Lancer un troisième Jurassic Park, était-ce bien sérieux ? D'un strict point de vue industriel, la question ne se pose pas. La cote d'amour pour l'univers fut à peine entamée avec un The Lost World pas si mal que ça, donc rien ne s'opposait à la mise en chantier d'une nouvelle suite. Surtout pas Steven Spielberg qui passe la main à son collègue Joe Johnston. Michael Crichton fait de même et le scénariste David Koepp a pas mal de boulot ailleurs (Snake Eyes, Panic Room et un certain Spider-Man). Merci et bonne chance à la nouvelle équipe. Hélas, la chance n'aura jamais sa place dans la conception de ce Jurassic Park 3.
De multiples ébauches sont livrées, aucune n'est validée et au final la production est lancée...sans script. Ce qui se voit comme le nez au milieu de la figure. Oubliez les réflexions sur les dérives de la génétique ou l'hubris de l'homme, ici on se retrouve avec le pitch d'une série B comme basique (une mission sauvetage en terre hostile). Cela dénote tellement avec les deux premiers qu'elle pourrait aisément se passer de personnages cultes. Mais évidemment, c'est toujours mieux d'avoir des vétérans pour faire illusion, quoique le film amuse dans un geste méta (volontaire?) voyant Alan Grant revenir contre la promesse d'un gros chèque.
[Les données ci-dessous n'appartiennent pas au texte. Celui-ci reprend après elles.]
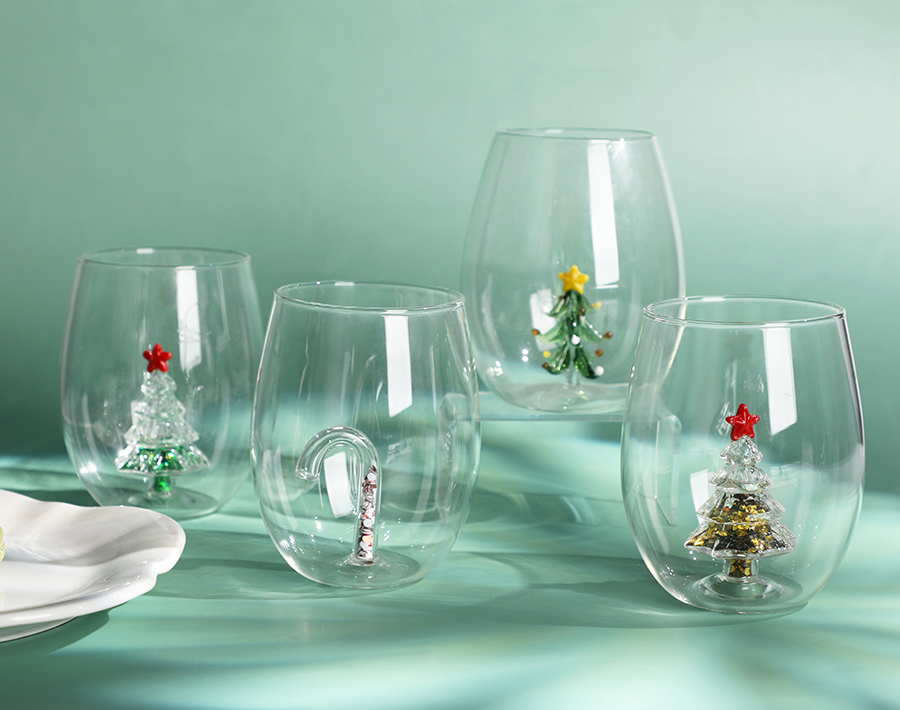 Christmas Collection Glass Cup with 3D Inner Design Factory OEM/ODM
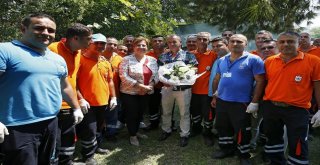 Başkan Pekdaşın İlk Bayramlaşması Çalışanlarıyla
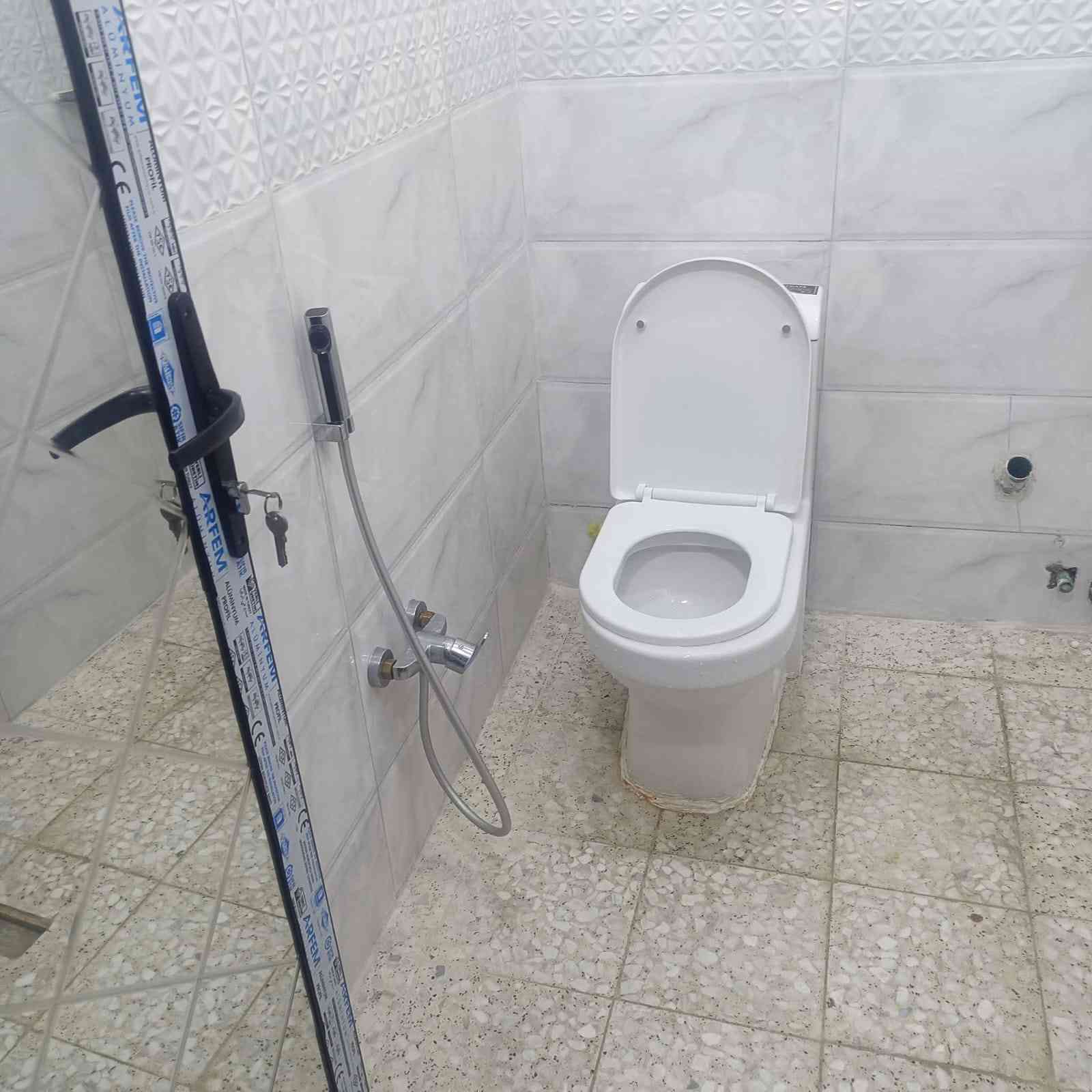 🏠 بيت 105 متر للبيع
واجهيه، 4 و نص نزال 24 بناء 2024 بيت نظيف جداً،  الطابق الاول كامل و الثاني بناء صاعد للرباط ناقص فقط سقف. يحتوي بناء الاول على حمام معزول عن صحيات خارجيه، مع حمام داخلي، مع استقبال و غرفة نوم و حولي و المطبخ بداخل الترك،
 📍المكان الحسينية مسقط شارع عقيد علي و قريب على المستوصف
السعر 💵65 و بيه مجال قليل للخيرين
الاستفسار الاتصال 📞 ***********
 يوجد واتساب
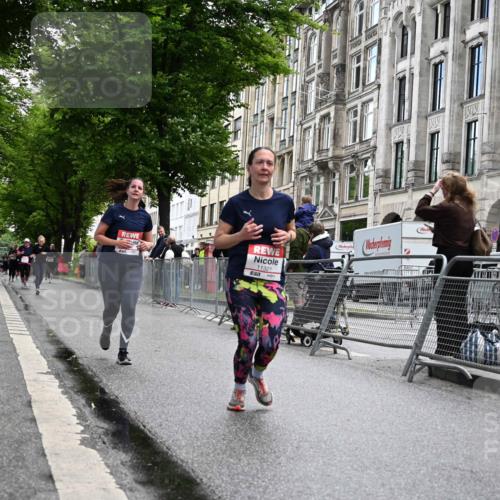 14.06.2026 - REWE Women's Run J. Mangold http://msf.ph/oto/9752092 14.06.2026 10:06:20 Ziel 10646, 11182, 11321 meine-sportfotos.de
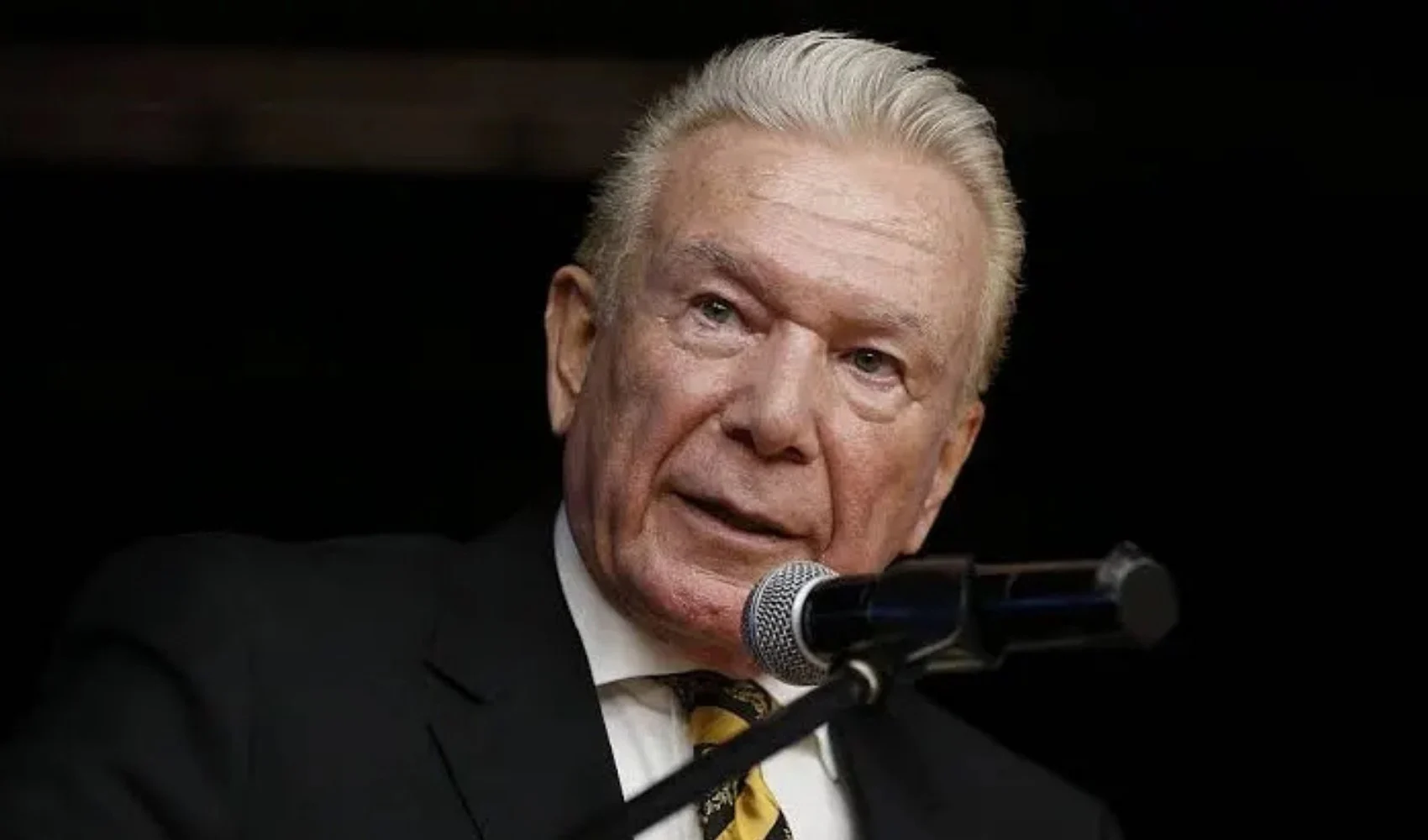 Müjdat Gezen duyurdu: Sözcü Gazetesi’nden ayrıldığını köşe yazısıyla açıklayan Uğur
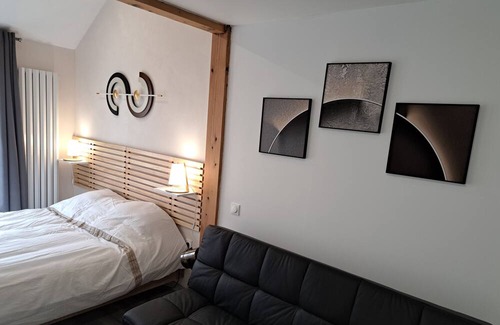 Pouilly-les-Nonains Bed & Breakfast | GINGKO Room: Kitchen, Spa Amenities & Family-Friendly Stay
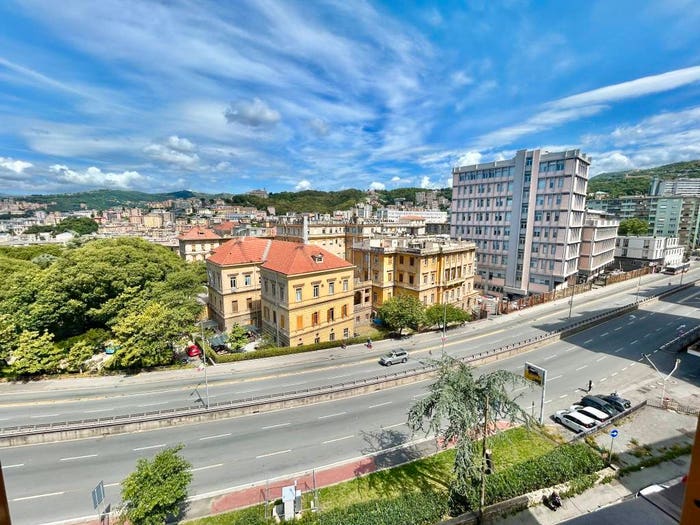 Appartamento con 6 locali in vendita in Via San Martino, San Martino, Genova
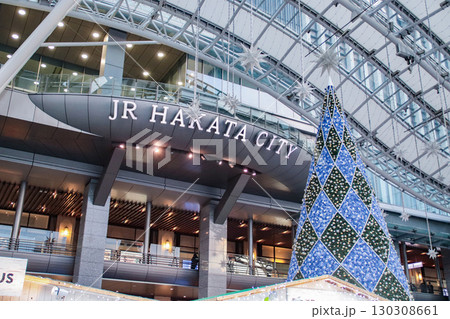 博多駅とクリスマスツリー／福岡県福岡市博多区 130308661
Sam Neill s'enquiert du job et le fait très bien. De manière générale, la distribution y met de la conviction et c'est déjà beau. Compte tenu d'une écriture pas du tout inspirée voire carrément honteuse (l'introduction, le Robinson Crusoé junior), Joe Johnston a l'honnêteté de faire vite, à peine 1h30. Ça ne masque pas les nombreux trous de l'intrigue - un paquet, à vrai dire - par contre le long-métrage a la politesse de ne jamais être ennuyeux. Grand merci aux interprètes...et aux dinosaures.
On est très loin du spectacle hors-norme de Jurassic Park et à moindre niveau du Monde Perdu, cependant ça fait toujours un petit quelque chose de retrouver les ancêtres du cétacé. Ce troisième opus a le mérite de perpétuer cette tradition du mélange entre les effets en durs (animatroniques) et copie digitales. Ce n'est pas aussi bien éclairé, pensé ou mis en scène que les précédents, cela dit Johnston parvient à emballer quelques jolis petits morceaux. Aucun moment mémorable, mais rien de désagréable à l'exception d'un Tyrannosaure évacué sans sommation. On retiendra avant tout les séquences mettant en vedette les Pteranodons et le Spinosaurus, assez bien fichus. Par contre, les Vélociraptors c'est bien plus hasardeux. L'idée d'aborder ces animaux dans leur comportement, très bien. Mais d'une, le premier avait déjà largement traité la chose. Et de deux, si c'est pour les mettre au centre de scènes improbables (le cauchemar, la partie finale), ça remet durement les pieds sur terre.
Jurassic Park 3 n'est un exemple parmi tant d'autres de grosses productions handicapées et qu'on balance au front en dépit du bon sens. Qu'il existe est déjà un exploit, quand bien même le résultat est médiocre, et bien sûr complètement indigne des films signés Spielberg. On y gagne un divertissement à usage unique, passablement étourdi. On y perd l'âme, le propos et l'émerveillement. Le ratio est sans appel : si le projet était concret, le résultat ne fait vraiment pas sérieux.